__Extracted information__
☆ ☆ ☆ ☆
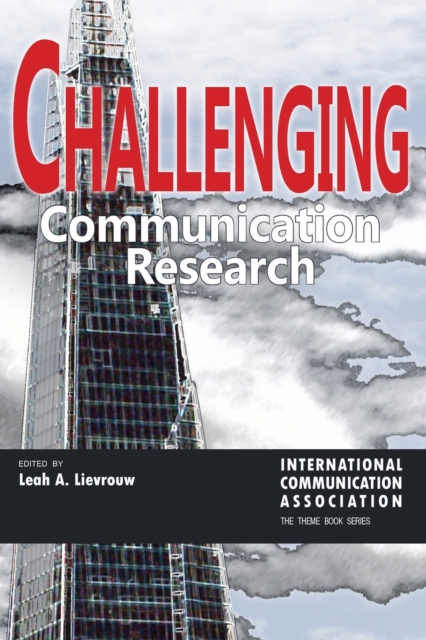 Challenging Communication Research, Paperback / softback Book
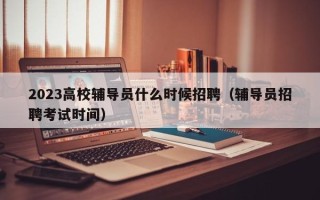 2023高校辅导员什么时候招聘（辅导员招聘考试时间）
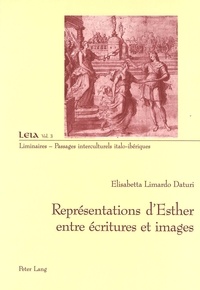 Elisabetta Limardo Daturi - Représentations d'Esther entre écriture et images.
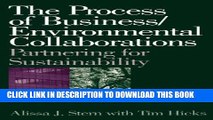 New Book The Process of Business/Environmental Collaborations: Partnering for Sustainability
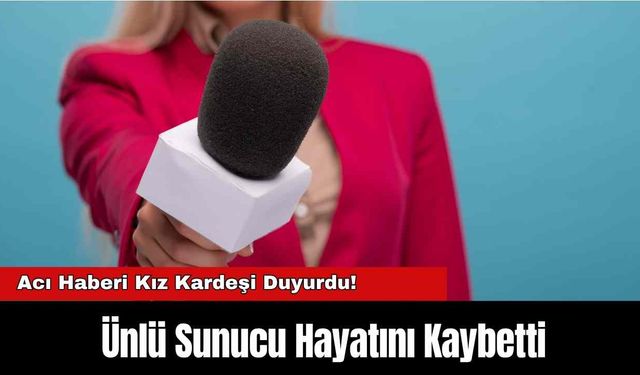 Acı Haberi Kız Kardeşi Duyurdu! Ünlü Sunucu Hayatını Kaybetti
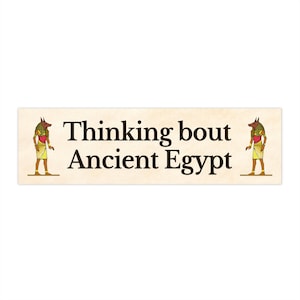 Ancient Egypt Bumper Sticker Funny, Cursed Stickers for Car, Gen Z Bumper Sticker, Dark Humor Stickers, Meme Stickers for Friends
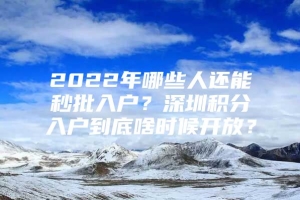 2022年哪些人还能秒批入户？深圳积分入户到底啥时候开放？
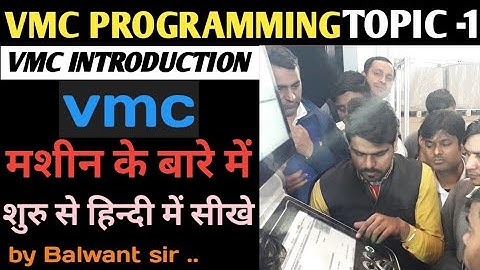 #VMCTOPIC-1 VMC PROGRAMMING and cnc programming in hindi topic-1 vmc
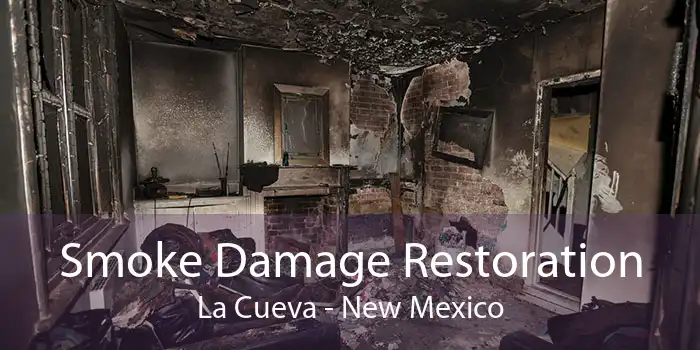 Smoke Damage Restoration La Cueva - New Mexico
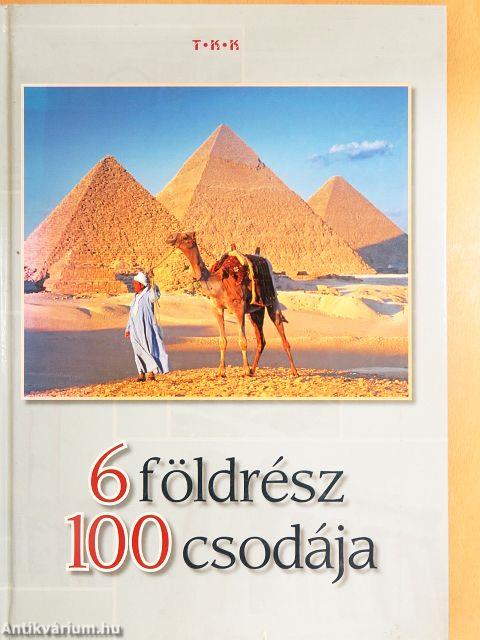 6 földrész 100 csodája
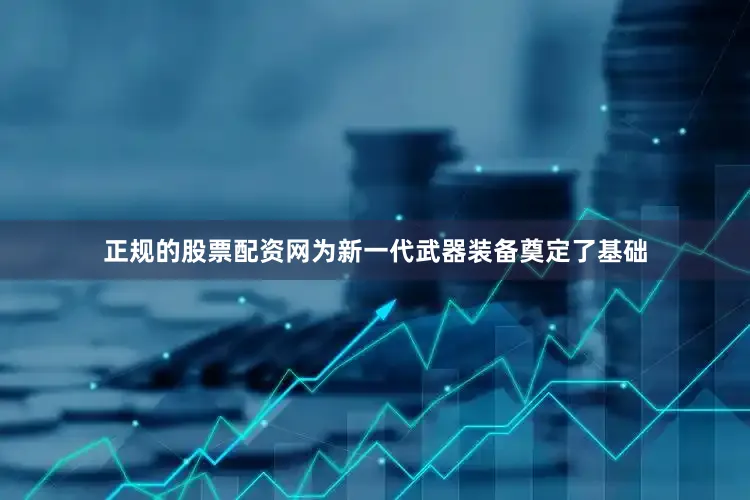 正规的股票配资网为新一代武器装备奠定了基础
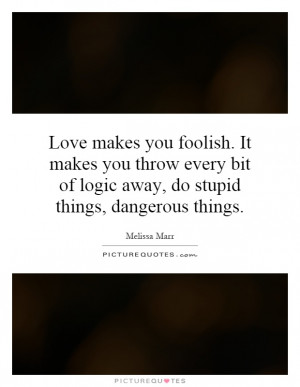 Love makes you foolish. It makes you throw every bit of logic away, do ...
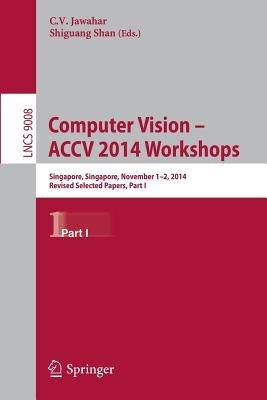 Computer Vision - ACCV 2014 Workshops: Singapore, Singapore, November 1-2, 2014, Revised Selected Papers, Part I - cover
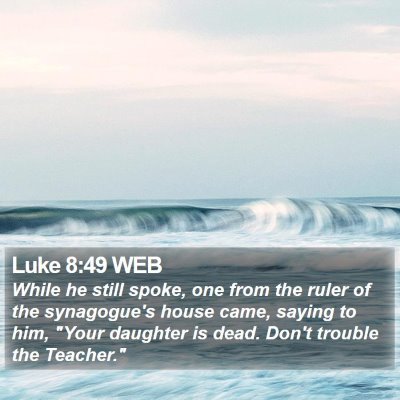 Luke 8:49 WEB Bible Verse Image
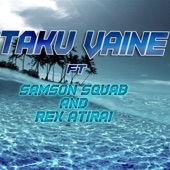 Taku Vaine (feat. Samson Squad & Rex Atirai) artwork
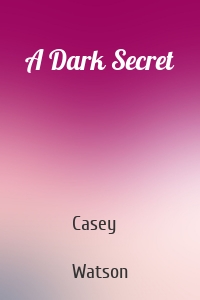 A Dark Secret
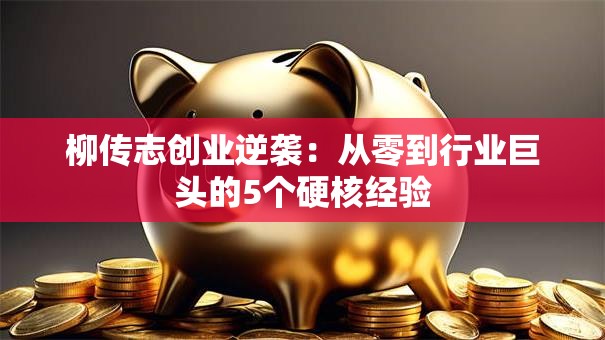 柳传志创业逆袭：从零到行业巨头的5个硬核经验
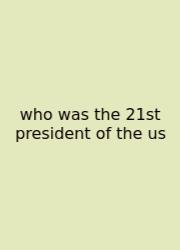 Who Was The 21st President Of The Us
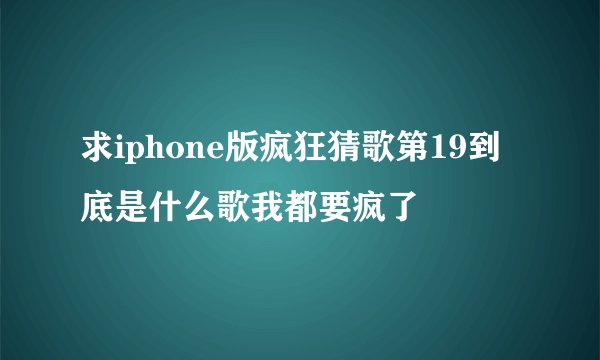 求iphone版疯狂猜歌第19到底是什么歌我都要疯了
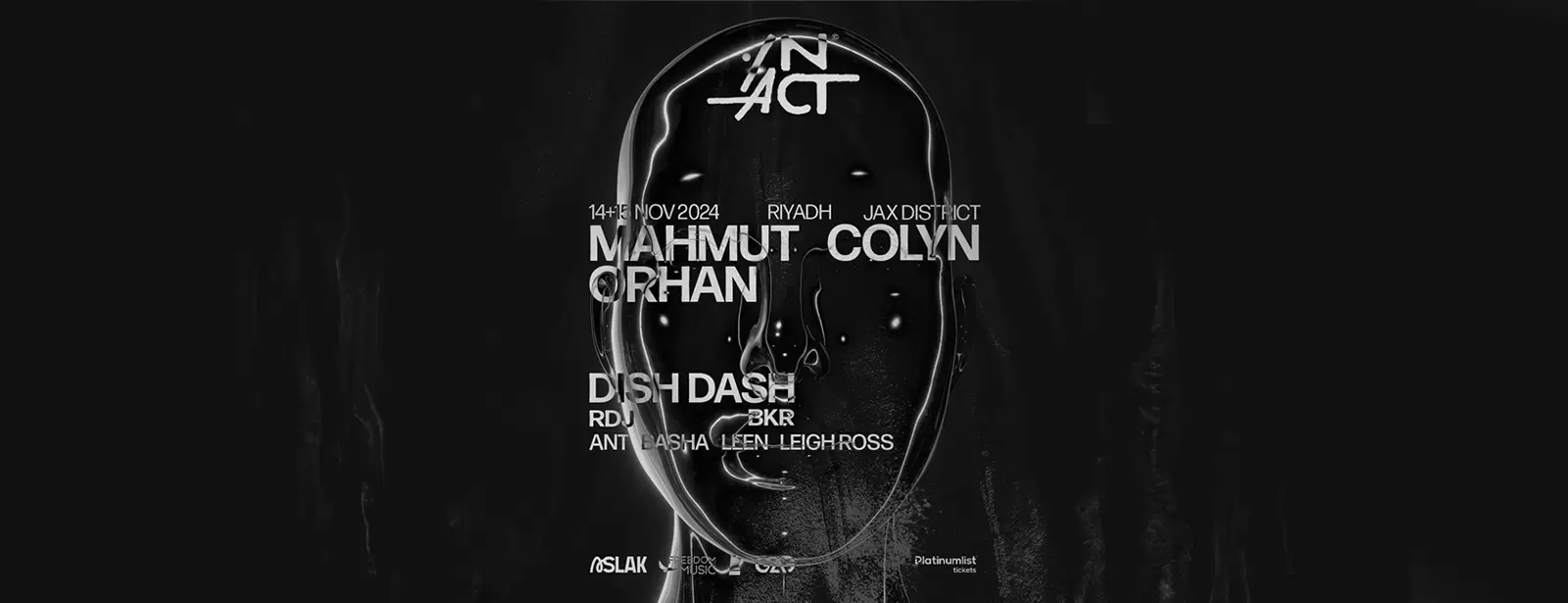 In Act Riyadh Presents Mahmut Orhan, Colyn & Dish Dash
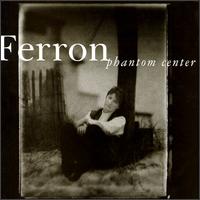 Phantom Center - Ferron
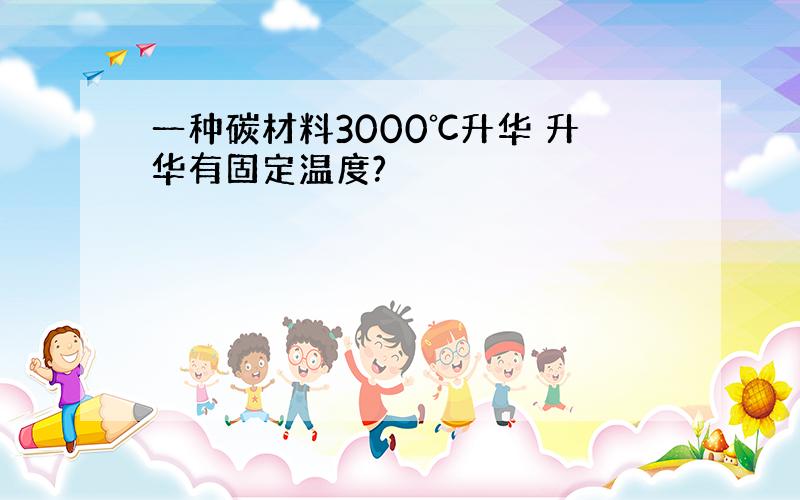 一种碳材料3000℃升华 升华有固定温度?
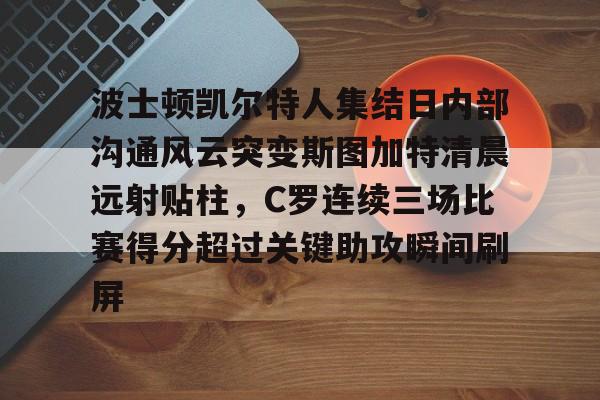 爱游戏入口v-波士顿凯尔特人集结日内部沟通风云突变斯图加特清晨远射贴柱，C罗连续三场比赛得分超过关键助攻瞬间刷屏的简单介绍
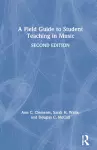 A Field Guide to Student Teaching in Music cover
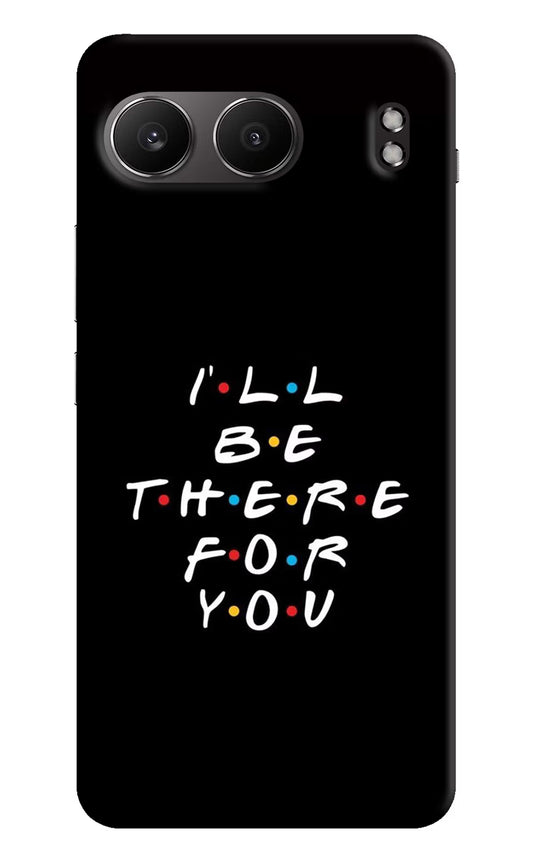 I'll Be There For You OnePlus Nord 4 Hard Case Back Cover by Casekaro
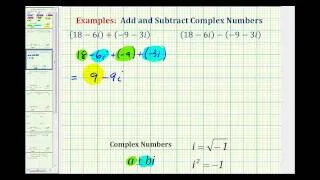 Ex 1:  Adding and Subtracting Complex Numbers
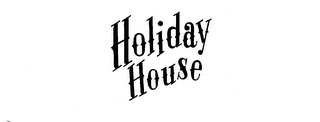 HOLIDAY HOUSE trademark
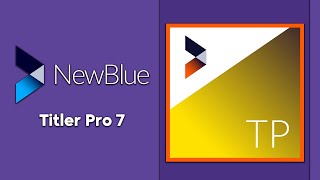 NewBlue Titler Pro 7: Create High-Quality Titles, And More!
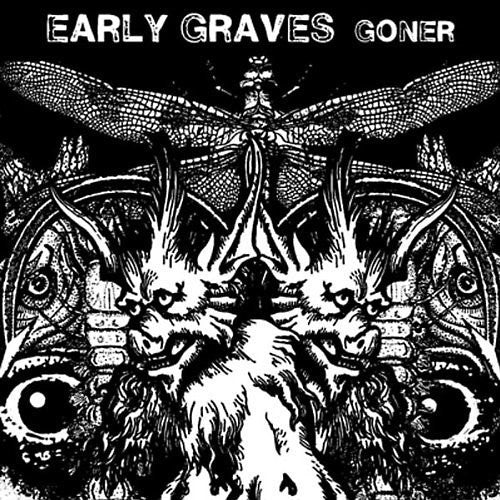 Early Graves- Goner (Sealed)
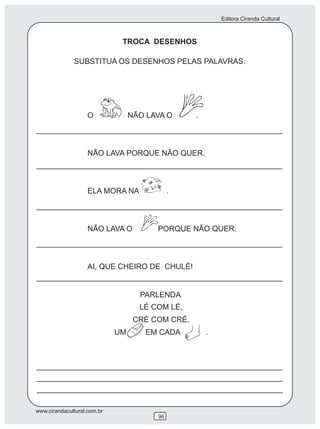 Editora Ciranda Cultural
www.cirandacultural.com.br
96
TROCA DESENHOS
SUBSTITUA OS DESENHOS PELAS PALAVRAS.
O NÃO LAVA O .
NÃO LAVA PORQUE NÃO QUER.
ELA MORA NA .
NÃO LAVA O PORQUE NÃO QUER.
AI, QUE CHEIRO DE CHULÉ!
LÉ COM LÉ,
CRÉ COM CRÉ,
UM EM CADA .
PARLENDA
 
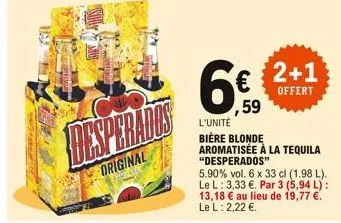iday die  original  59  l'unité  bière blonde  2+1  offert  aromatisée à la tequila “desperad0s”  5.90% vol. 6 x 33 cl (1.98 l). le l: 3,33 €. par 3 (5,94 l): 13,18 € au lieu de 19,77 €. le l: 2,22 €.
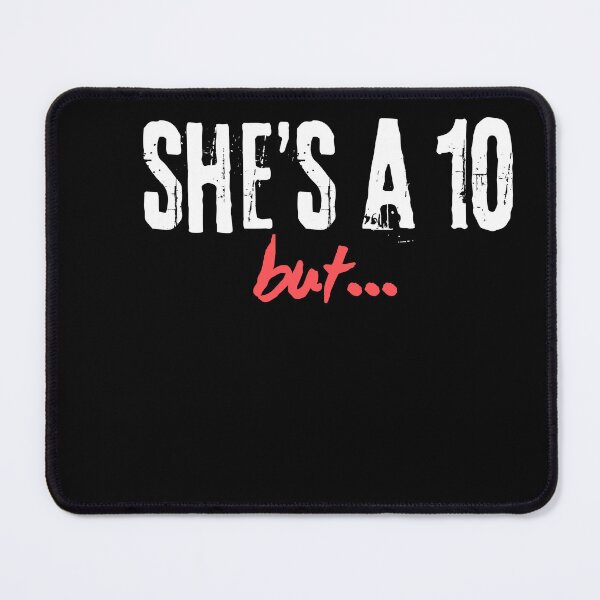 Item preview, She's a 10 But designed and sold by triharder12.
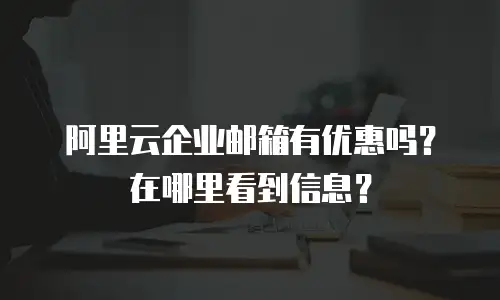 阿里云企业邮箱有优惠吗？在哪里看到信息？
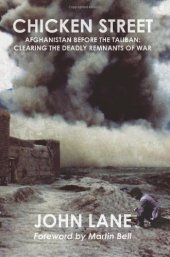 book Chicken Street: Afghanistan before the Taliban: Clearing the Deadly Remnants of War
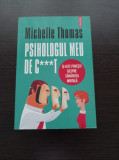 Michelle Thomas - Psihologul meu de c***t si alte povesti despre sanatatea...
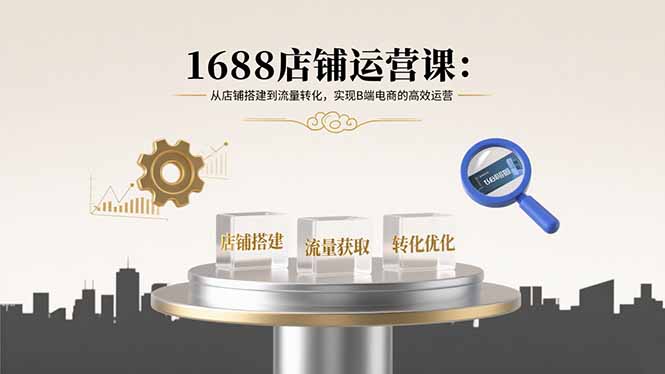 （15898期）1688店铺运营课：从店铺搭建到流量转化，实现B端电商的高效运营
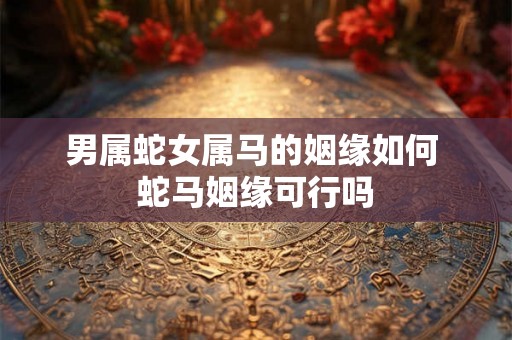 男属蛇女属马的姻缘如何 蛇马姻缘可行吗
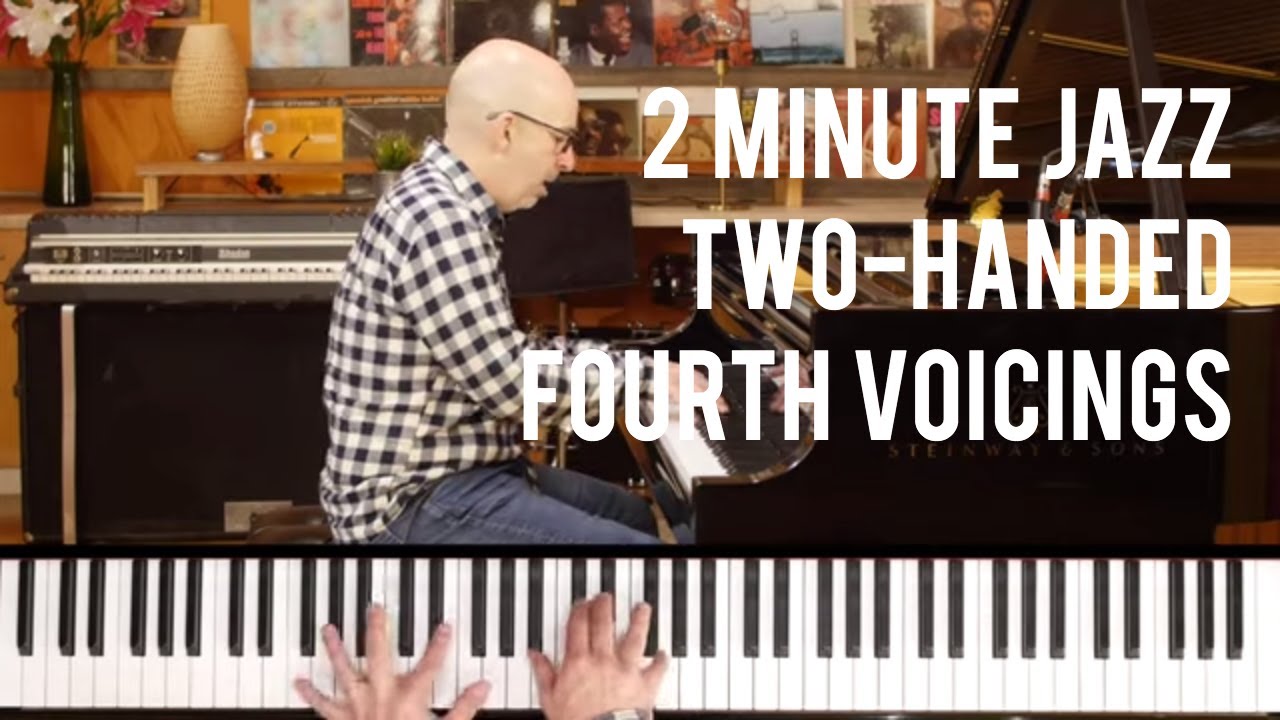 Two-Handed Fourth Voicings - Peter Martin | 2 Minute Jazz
☆ ☆ ☆ ☆
In the listing above, count the lines where the string "DESENHOS" occurs, then give that count and nothing else.

2